Inverse of Relations

If we have a relation $R$ from $A$ to $B$ we can form another relation $R^{-1}$, called the inverse of $R$, from $B$ to $A$ defined as follows: \[ R^{-1}(b,a) \iff R(a,b) \, .\]

Note the extension $[R^{-1}]$ is a subset of $B \times A$

Composition of Relations

Given a relation $R$ from $A$ to $B$ and a relation $S$ from $B$ to $C$ we can compose them to get a a relation $S \circ R$ from $A$ to $C$ defined as follows: \[ a (S \circ R) c \iff \exists b \in B \, (a R b \land b R c) \]

Challenge

Draw a picture conveying the idea behind the composition operation of relations.

Challenge

Let $B$ be the “brotherhood’’ relation ($x B y$ means $x$ is a brother of $y$) and $S$ be the “sisterhood’’ relation.

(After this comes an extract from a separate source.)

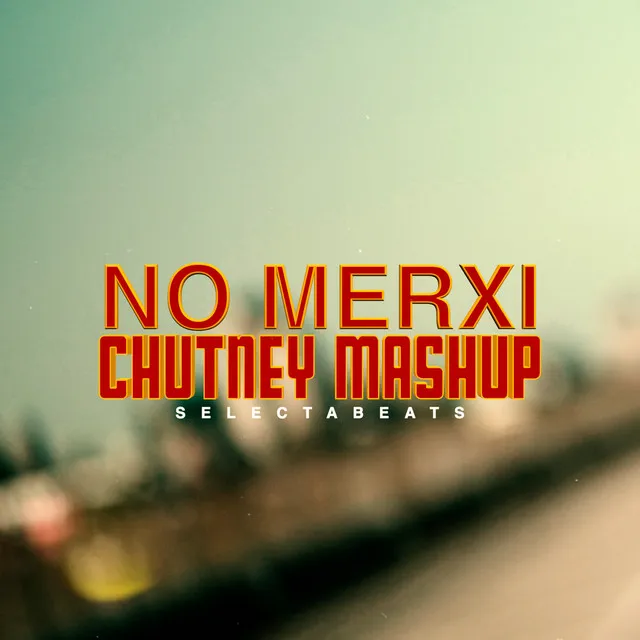 No Merxi Chutney Mashup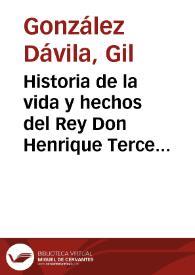 Historia de la vida y hechos del Rey Don Henrique Tercero de Castilla ... / el maestro Gil Gonzalez Davila ... | Biblioteca Virtual Miguel de Cervantes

Show that the composite relation $S \circ B$ is not equivalent to $B$.1

Challenge

Show that for any relation $R$ from $A$ to $B$ we always have $R \circ R^{-1} = \mathrm{id}_B$ and $R^{-1} \circ R = \mathrm{id}_A$ as sets.

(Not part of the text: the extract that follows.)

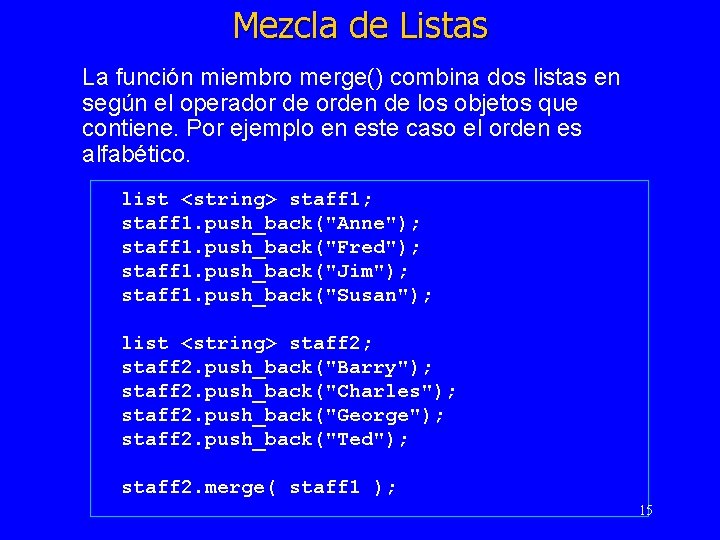Mezcla de Listas La función miembro merge() combina dos listas en según el operador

Associated Graph of Relations

Suppose a set $A$ comes equipped with a relation $R$. We can associate a directed graph (aka a digraph) whose vertices are elements of $A$ and whose directed edges determined by ordered pairs $(a, b) \in A \times A$ such that $a R b$.

  1. Incidentally, I wonder why we use in English “ship” in “relationship”, “kinship”, “friendship”, etc, and “hood” in “sisterhood”, “brotherhood”, “personhood”, “neighbourhood”, etc? 

Partially Ordered Sets

A binary relation $R$ on a domain $A$ is a partial order if it has the following three properties:

  • Reflexivity: $a R a$, for every $a$ in $A$.
  • Transitivity: If $a R b$ and $b R c$, then $a R c$, for every $a$, $b$, and $c$ in $A$.
  • Antisymmetry: If $a R b$ and $b R a$ then $a = b$, for every $a$ and $b$ in $A$.

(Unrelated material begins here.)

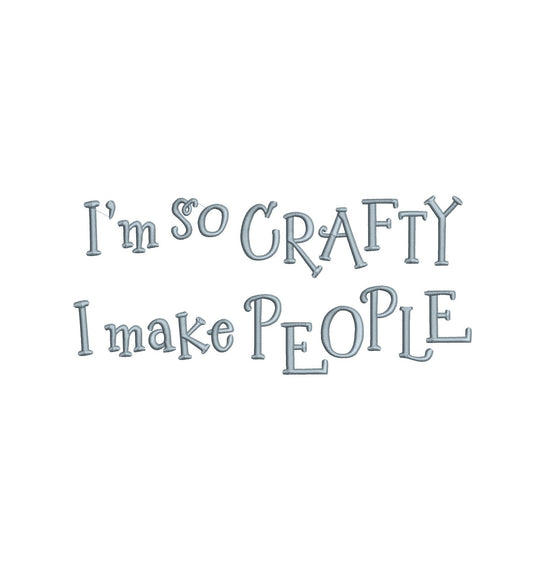 KRD So Crafty I Make People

The Partial Order of Propositions

An natural example of partial order is the partial order on the collection of propositions defined by the relation $ P \leq Q $ if $Q$ can be derived from $P$ using the derivation of rules of intuitionistic logic (see here).

Challenge

Think why the conditions of reflexivity, transitivity, and antisymmetry hold for this relation.

A partial order $R$ on a domain $A$ is a total order (also called a linear order) if it additionally has the following property: For every $a$ and $b$ in $A$, either $a R b$ holds or $b R a$ holds.

Challenge

Express the conditions of reflexivity, transitivity, symmetry, antisymmetry, and totality of order in terms of more familiar connectivity conditions on the associated graph.

The Partial Order of Propositions

There is a partial order on the power set $\mathcal{P} (X)$ of a set $X$ given by the subset relation:

Challenge

  1. Check that all the axioms of partial order are satisfied.
  2. Show that this partial order is not total.

A non-empty partially ordered set $(S,\leq)$ is filtered (or is said to be a filtered set) if for each $a, b \in S$, there is a element $c$ such that $a \leq c$ and $b \leq c$.

Theorem

Every total order is a filtered.

Proof

Suppose $A$ is a set equipped with a total order $\leq$. Suppose $a,b \in A$. We want to find an element $c \in A$ for which both $a \leq c$ and $b \leq c$. By totality, either $a \leq b$ or $b \leq a$. If $a \leq b$, then we take $c$ to be $b$, and if $b \leq a$ we take $c$ to be $a$.

Challenge

Show that the power set $\mathcal{P}(X)$ with the subset relation is filtered.